The proposed prosthesis is intended to help people suffering from
retinal degenerative diseases, such as age-related macular degeneration
and retinitis pigmentosa. The former is the foremost cause of vision
loss in North America, and the latter causes an estimated 1.5 million
people worldwide to lose sight, according to the nonprofit group
Foundation Fighting Blindness. In these diseases, the retina's
photoreceptor cells slowly degenerate, ultimately leading to blindness.
But the inner retinal neurons that normally transmit signals from the
photoreceptors to the brain are largely unscathed. Retinal prostheses
are based on the idea that there are other ways to stimulate those
neurons.
The Stanford device uses near-infrared light, which has longer
wavelength than normal visible light.
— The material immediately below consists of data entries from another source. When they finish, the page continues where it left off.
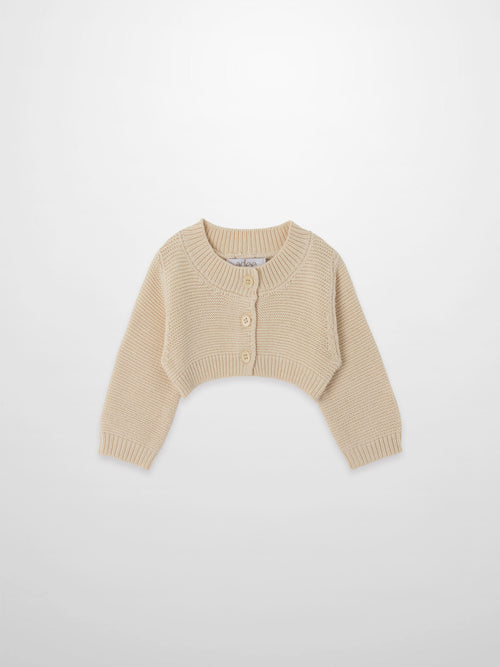 Cropped cardigan ivory by Adee; unisex dressy knit top for kids with button-front.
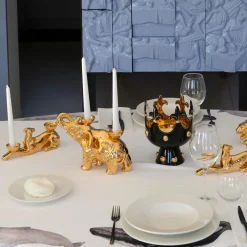 Fiamme Bestiali Golden Elephant Ceramic Candleholder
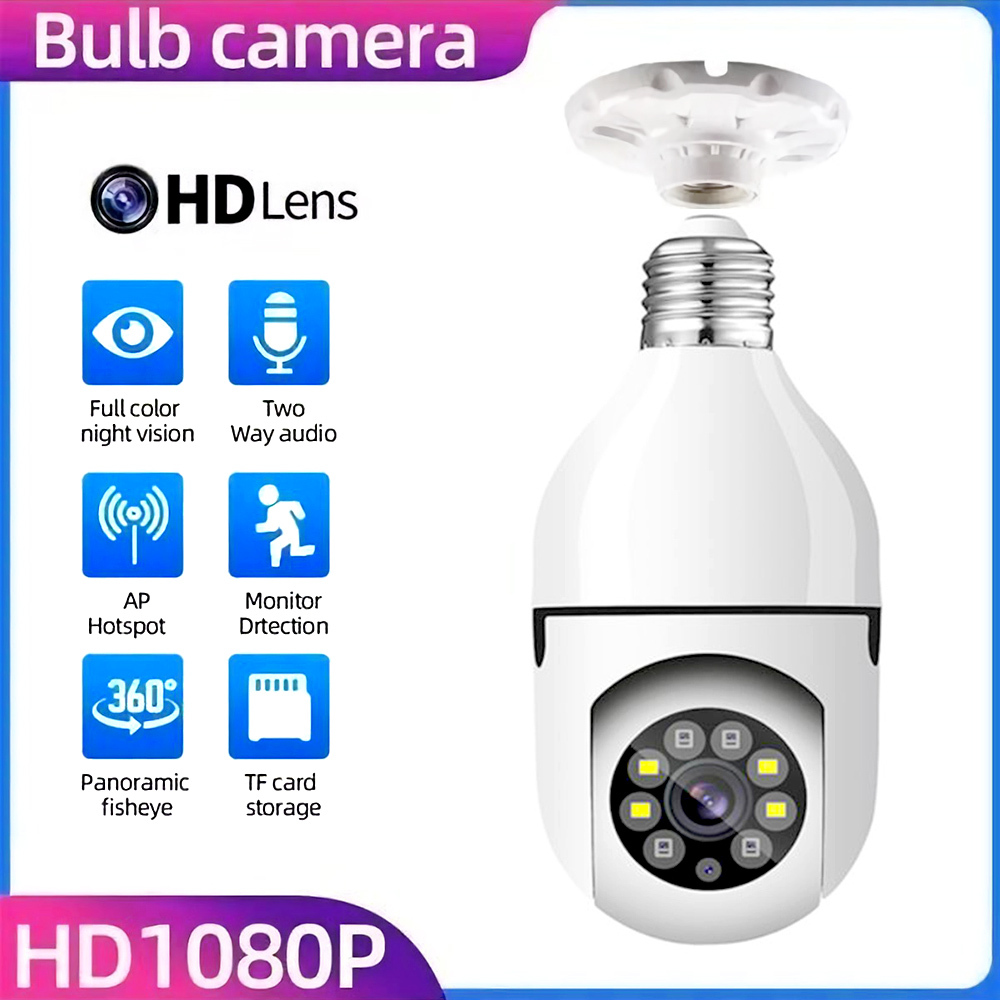 WiFi 360 ° 파노라마 전구 카메라 HD 1080p 감시 카메라 무선 홈 보안 카메라 나이트 비전 두 웨이 오디오 스마트 모션 감지 모니터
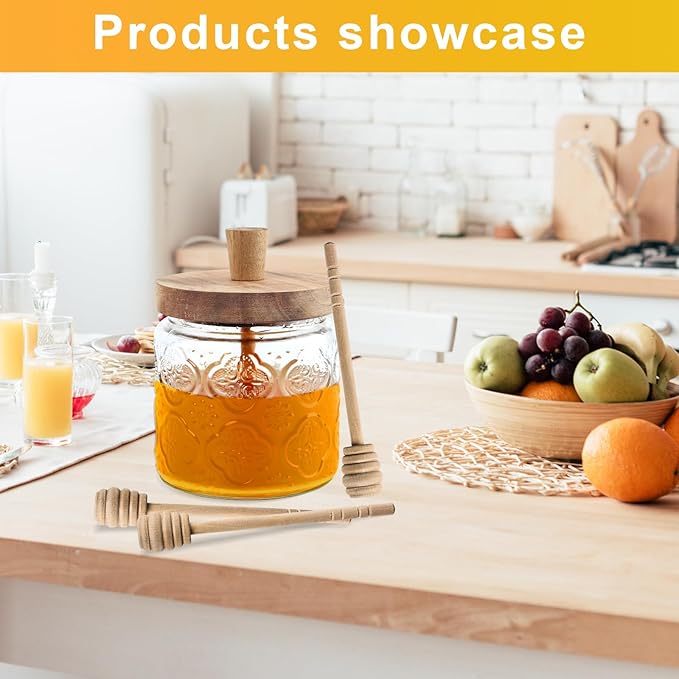 17oz Honey Jar with 3 Wooden Dippers,Pot Container Dispenser,Clear Glass Honey Container for Home Kitchen,Store Honey and Syrup,Easy to Clean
It's necessary to use such an
approach because people blinded by retinal degenerative diseases still
have photoreceptor cells, which continue to be sensitive to visible
light. "To make this work, we have to deliver a lot more light than
normal vision would require," said Palanker. "And if we used visible
light, it would be painfully bright." Near-infrared light isn't visible
to the naked eye, though it is "visible" to the diodes that are
implanted as part of this prosthetic system, he said.
Palanker explained what he's done by comparing the eye to camera, in
which the retina is the film or the digital chip, and each photoreceptor
is a pixel. "In our model we replace those photoreceptors with
photosensitive diodes," he said. "Every pixel is like a little solar
cell; you send light, then you get current and that current stimulates
neurons in the inner nuclear layer of the retina." That, in turn, should
have a cascade effect, activating the ganglion cells on the outer layer
of the retina, which send the visual information to the brain that
allows us to see.
For this study, Palanker and his team fabricated a chip about the
size of a pencil point that contains hundreds of these light-sensitive
diodes. To test how these chips responded, the researchers used retinas
from both normal rats and blind rats that serve as models of retinal
degenerative disease. The scientists placed an array of photodiodes
beneath the retinas and placed a multi-electrode array above the layer
of ganglion cells to gauge their activity. The scientists then sent
pulses of light, both visible and near-infrared, to produce electric
current in the photodiodes and measured the response in the outer layer
of the retinas.
In the normal rats, the ganglions were stimulated, as expected, by
the normal visible light, but they also presented a similar response to
the near-infrared light: That's confirmation that the diodes were
triggering neural activity.
In the degenerative rat retinas, the normal light elicited little
response, but the near-infrared light prompted strong spikes in activity
roughly similar to what occurred in the normal rat retinas. "They
didn't respond to normal light, but they did to infrared," said
Palanker. "This way the sight is restored with our system." He noted
that the degenerated rat retinas required greater amounts of
near-infrared light to achieve the same level of activity as the normal
rat retinas.
While there was concern that exposure to such doses of near-infrared
light could cause the tissue to heat up, the study found that the
irradiation was still one-hundredth of the established ocular safety
limit.
Since completing the study, Palanker and his colleagues have
implanted the photodiodes in rats' eyes and been observing and measuring
their effect for the last six months. He said preliminary data
indicates that the visual signals are reaching the brain in normal and
in blind rats, though the study is still under way.
While this and other devices could help people to regain some sight,
the current technologies do not allow people to see color, and the
resulting vision is far from normal, Palanker said.